【穿越奇情】情迷北宋之北落師門 作者:側側輕寒 (已完成)

 
li60830 2019-1-1 17:13:28 發表於 都市言情 [顯示全部樓層] 只看大圖 回覆獎勵 閱讀模式 71 18741
li60830 發表於 2019-1-1 18:23
二十

  她在我身後低聲說了一句:"嘗一口試試就知道了,沒有關係的。"

  母后瞥了我一眼,慢慢說:"不用試了,直接把人和水都送到大理寺吧。"

  "母后……"我遲疑地說,"不如送去給太醫瞧瞧是什麼?"

  她回頭看我,眼神尖銳:"怎麼,還想再聽蛇精的故事?"

  我生生打了個冷戰,那一口氣就噎在喉口,說不出來,良久,掃了伯方一眼,他倉皇地低下頭。

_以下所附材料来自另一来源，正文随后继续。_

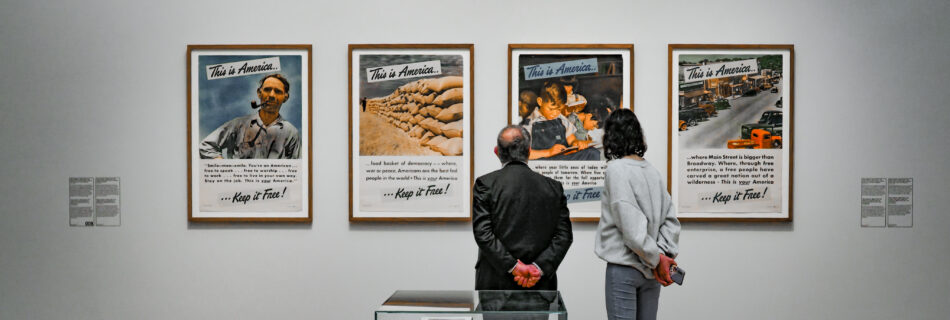 An image of a man and a woman standing before the Selling Point part of the Rijksmuseum's exhibit "American Photography". There is a green sign that says Selling Point in the top left corner. There are 4 colourful posters on the wall, each selling a particular aspect of America. They all have the header "This is America" with the tagline "Keep it Free".
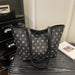 A black tote bag with a repeating white geometric monogram pattern, resting on a dark textured surface next to a black cabinet and a white book.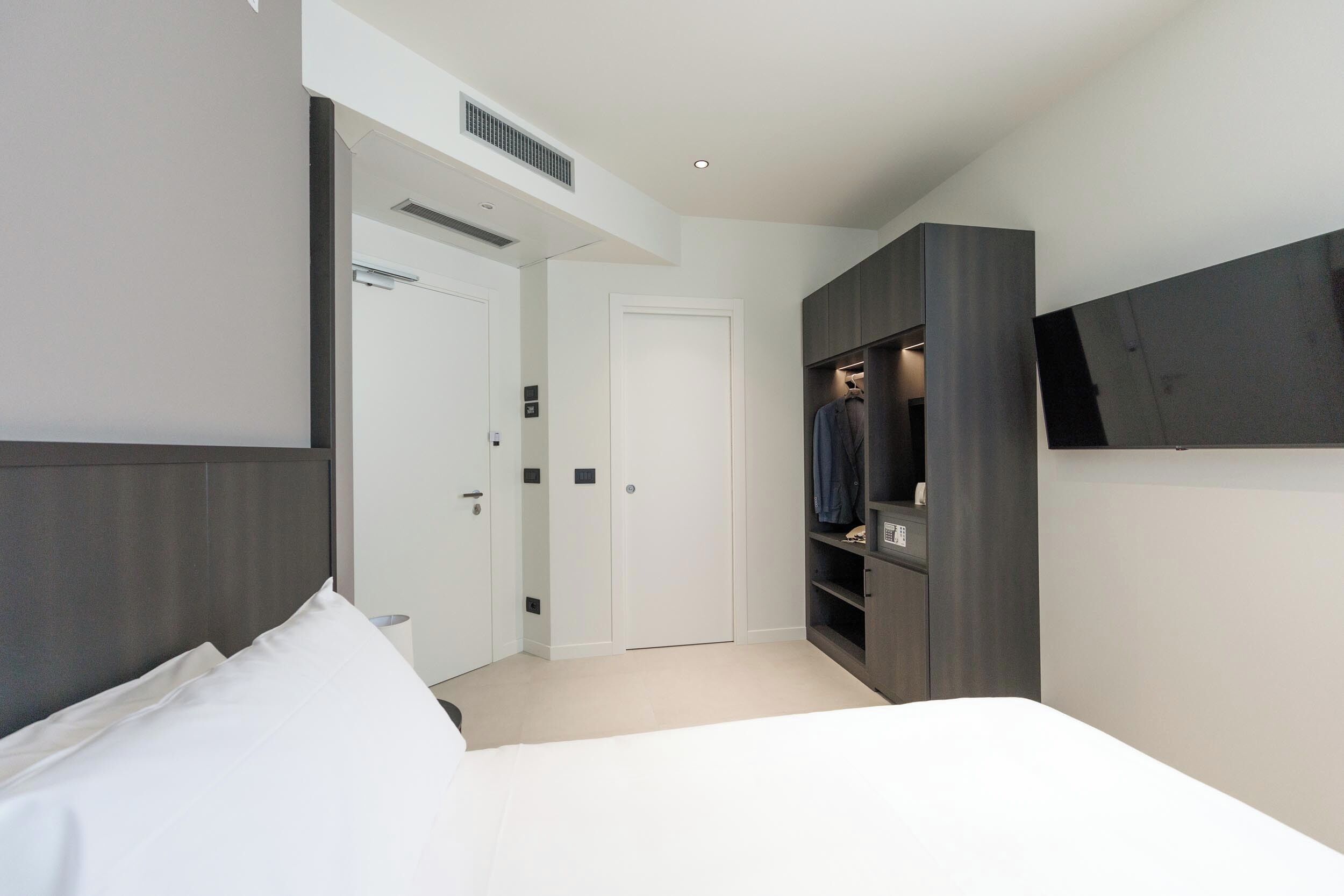 A modern bedroom with a bed, a wardrobe, and a TV mounted on the wall.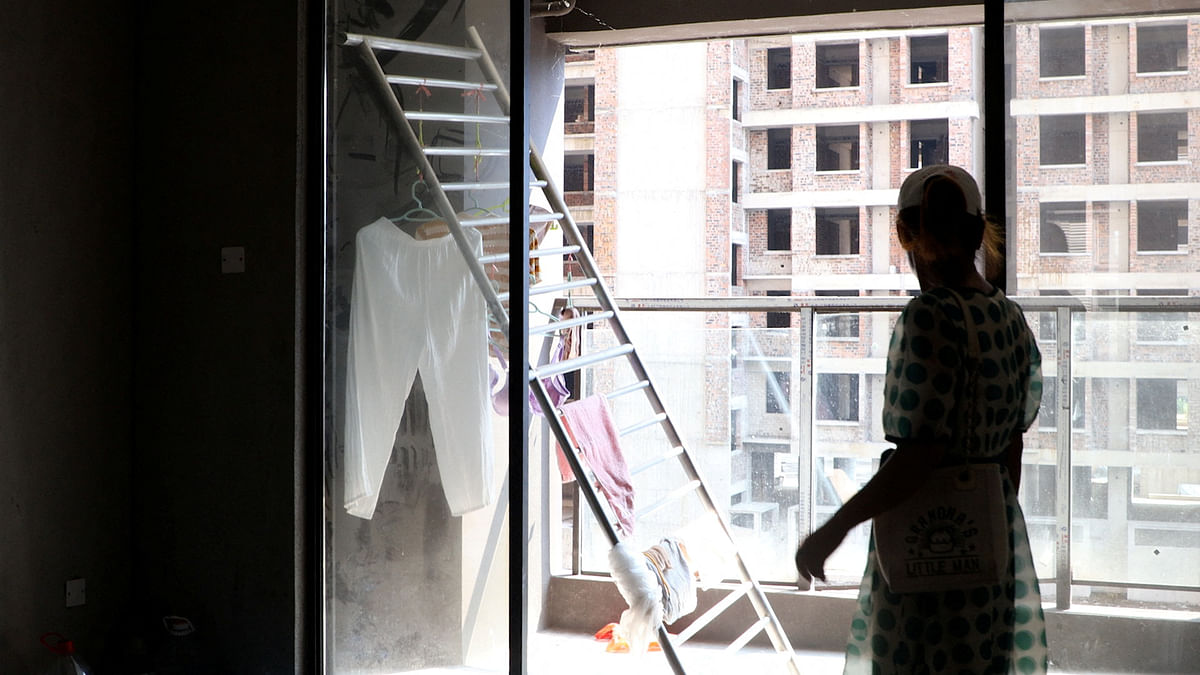 In China, home buyers occupy their 'rotting', unfinished properties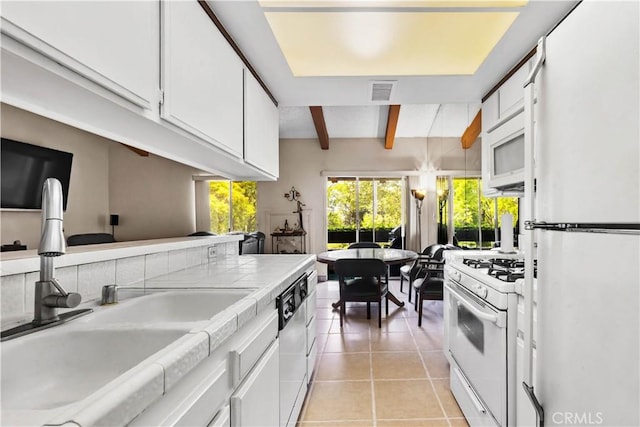 2700 Cahuenga Blvd E Unit 1302, Los Angeles, CA 90068 - kitchen with white appliances, white cabinetry, light tile patterned floors, and tile counters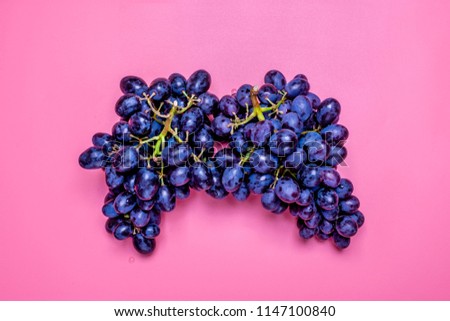Natural organic black juicy grapes on a trend pink background  Top View Flat Lay. Rustic Style. Country Village Agriculture concepts 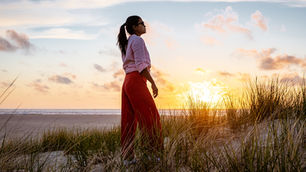A woman under the sunset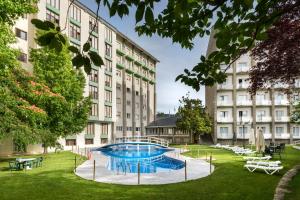 a pool in the courtyard of a building at Gran Hotel de Jaca in Jaca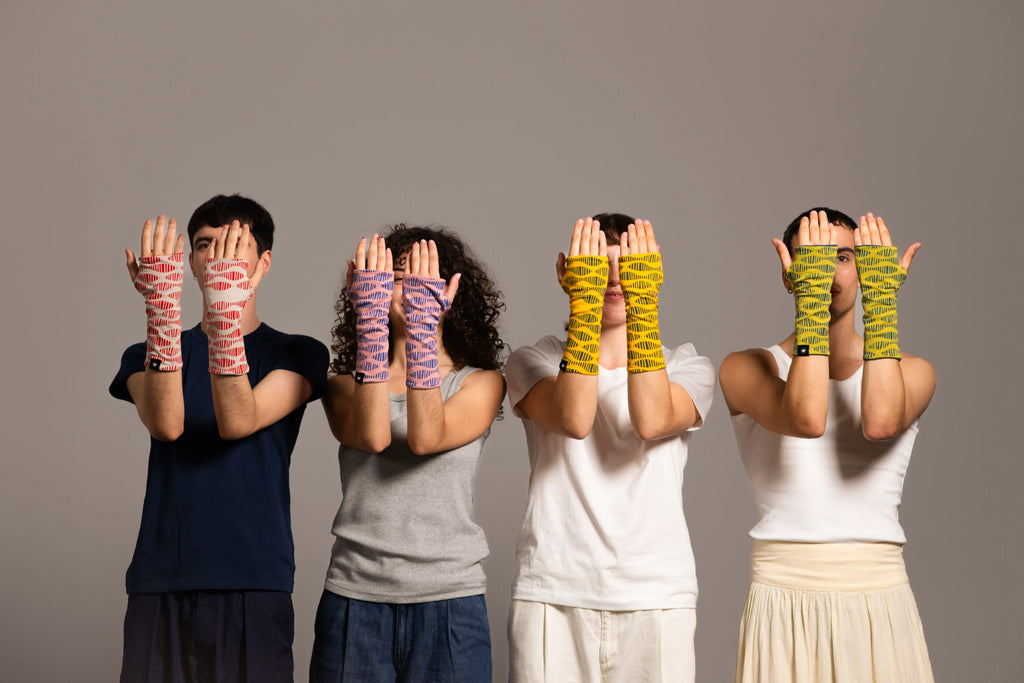 Grupo de cuatro personas mostrando las manos con los mitones estampados de Happy Belly Barcelona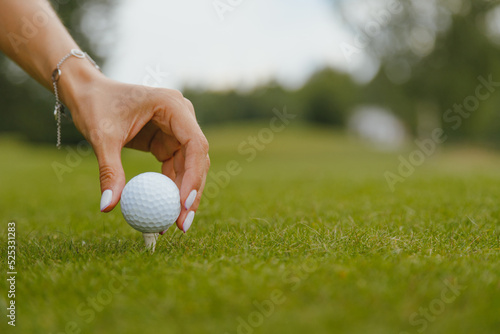Woman's hand with a manicure puts a golf ball on a tee on a golf course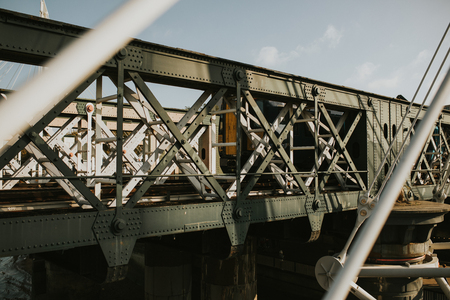 Train bridge iron structure and train going on it.の写真素材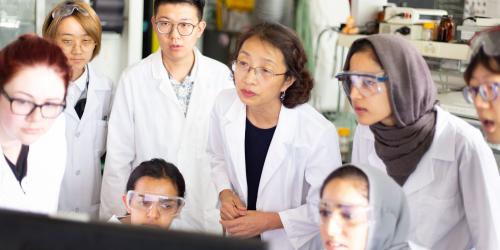 Photo of students and faculty in biology lab gathered around computer monitor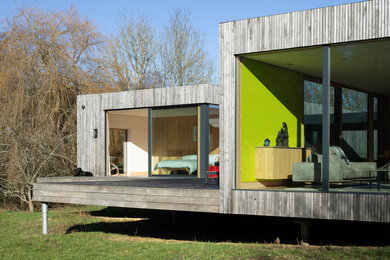 Inspiration for a brown contemporary bungalow detached house in Hampshire with wood cladding and a flat roof.
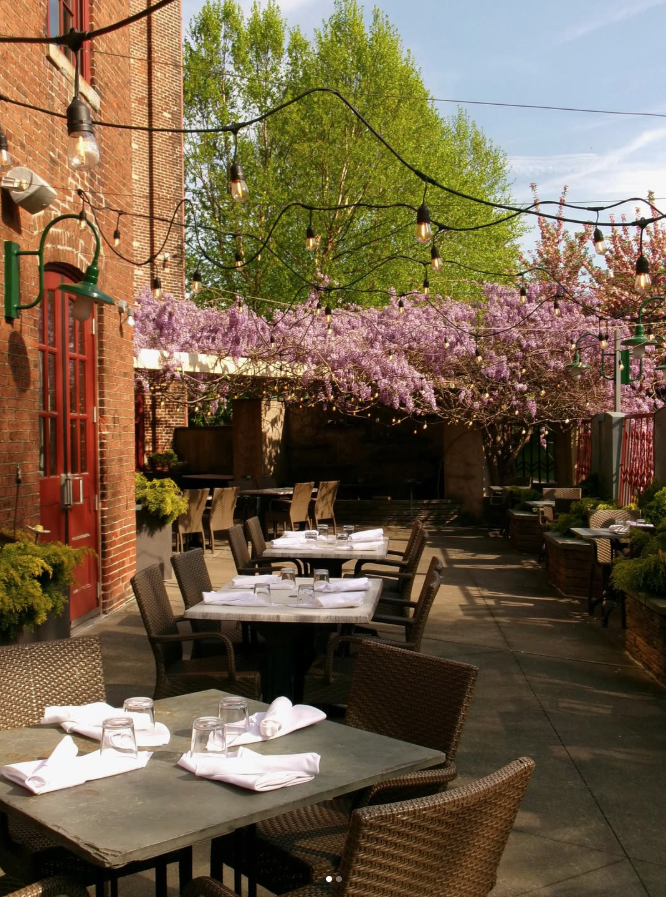 Outdoor Patio at John J. Jeffries in Lancaster Outdoor patio dining at John J. Jeffries in Lancaster, Pennsylvania, featuring string lights and blooming wisteria, ideal for a rehearsal dinner.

  母后離開後,我怔怔地在漸亮的天色下站了許久,五月初的風,即將夏天,未到夏天,原來最是陰冷。

  天色大亮的時候,母后身邊的客省使來傳消息,說是大理寺已經受理,三日後審訊。

  第六章 夏至(二)

  胭脂雪瘦薰沉水

  五月初六下午。

  氣溫如昨天一樣悶熱。

  我直到申中才去崇徽殿與母后敘話,發現母后剛好留了郭青宜在說話,然後又與她一同用膳。看母后的神情,似乎還算不錯,我猶豫了半天,不知道會不會把事情弄得更糟,但是,無論如何還是吞吞吐吐地說了出口:"昨晚那個……"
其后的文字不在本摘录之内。